Sheboygan County rated with lowest poverty level in U.S.

One of the most robust manufacturing economies in the nation coupled with thousands of new job opportunities available present the foundation for Sheboygan County to be acknowledged as having the lowest poverty level in the United States.

An individual making less than $12,060 this year— $24,600 for a family of four— technically lives below the poverty line.

About 14 percent of Americans fit that definition.

Some cities have been hit by poor economic times more than others, and 24/7 Wall St. looked at 382 U.S. metro areas to compile its list of the 49 cities that are doing the best. By their standard, less than 10% of the population lives in poverty.
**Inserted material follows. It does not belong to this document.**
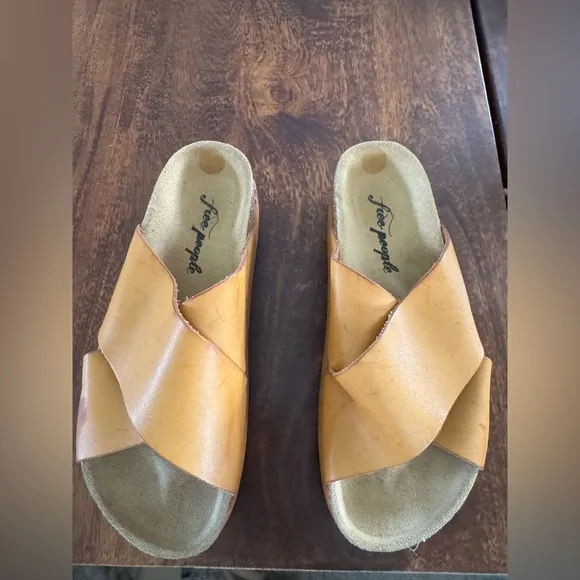 NEW Free People Sidelines Flatform Slides in Honey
Sheboygan leads the way among Metropolitan Statistical Areas (MSA) with the lowest poverty levels in the U.S. at 5.4 percent. Barnstable Town, Mass is second at 6.5 percent, following by Fond du Lac, Wis. (6.6 percent), Anchorage, Alaska (7.2 percent), Billings, Mont. (7.3 percent) and Napa, Calif. (7.3 percent).

“This is a testament to the broad-based local economy of durable and non-durable manufacturers, coupled with strong growth companies in the financial sector such as Acuity, that provide opportunities for excellent wages, benefits and opportunity for advancement,” noted Jim Schuessler, Sheboygan County Economic Development Corporation’s business development manager. “It is also a tribute to the many closely held multi-generational companies here that make long term investments into their future without worrying about stock investors that often trade innovation for a quick buck.”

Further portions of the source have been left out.